This repository contains the source code of PEM. PEM is a dynamic-analysis-based tool for detecting similar functions across different binary programs. Specifically, given a query binary function, PEM searches for the most similar function in a target binary.
To detect the similar function among a large number of candidate functions, PEM leverages dynamic analysis to collect the execution information (e.g., values of registers and memory) from both the query function and the candidate functions. PEM then compares the execution information of the query function with each candidate function. The candidate function with the most similar execution information is considered the most similar function.
In this file, we first introduce the structure of the repository. Then, we illustrate the PEM's core components from the perspective of the code.
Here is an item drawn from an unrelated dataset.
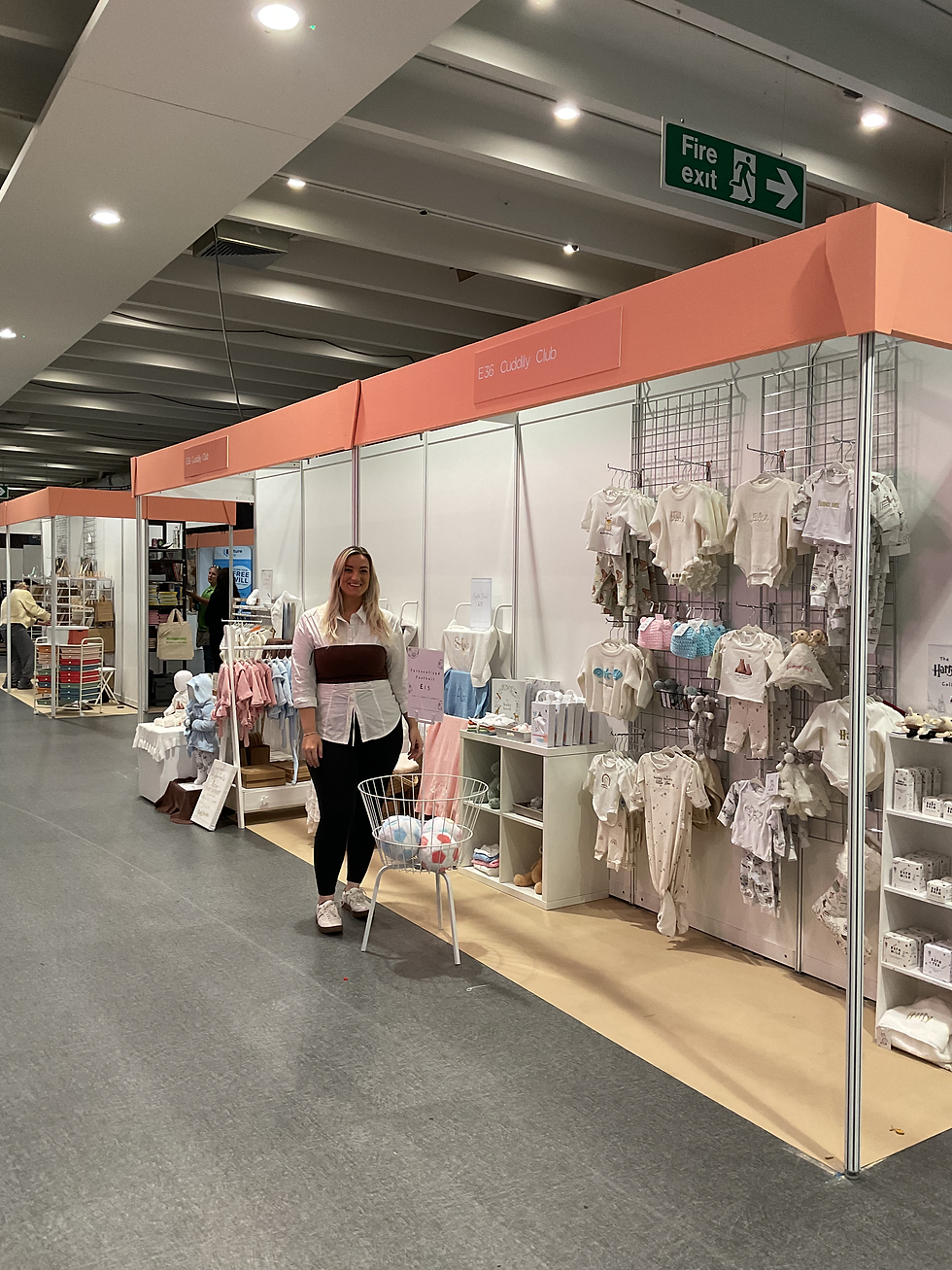 The image shows Catherine-Emma, the owner and creator of Cuddily Club with the stall at The Baby And Toddler Show in Sandown, London in September 2025. You can see many different handmade baby items like baby pyjams, baby clothing sets, knitted baby blankets, hand crochet rattles, baby books.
Finally, we provide the instructions for compiling PEM from the source code.
Additionally, we upload a runnable demo of PEM on Docker Hub.
Please refer to README-docker.md
in this repository for more details.
The repository is organized as follow:
├── README-docker.md
├── README-dev.md
├── eval-scripts
├── eval-cross-arch
├── py-scripts
└── qemu-6.2.0
README-dev.md
is the file you are reading now.
README-docker.md
contains the instructions for running PEM with a pre-configured Docker image.
eval-scripts
and eval-cross-arch
contains the scripts for running PEM on the evaluation dataset. They can be used as templates for running PEM on other datasets.
py-scripts
contains the python scripts used by PEM.
qemu-6.2.0
contains the source code of PEM. It is based on QEMU 6.2.0.
We briefly go through the core components of PEM.
PEM leverages IDA and Ghidra to pre-analyze the input binary files.
The pre-analysis aims to extract the control flow graph (CFG),
library functions, and string constants from the binary files.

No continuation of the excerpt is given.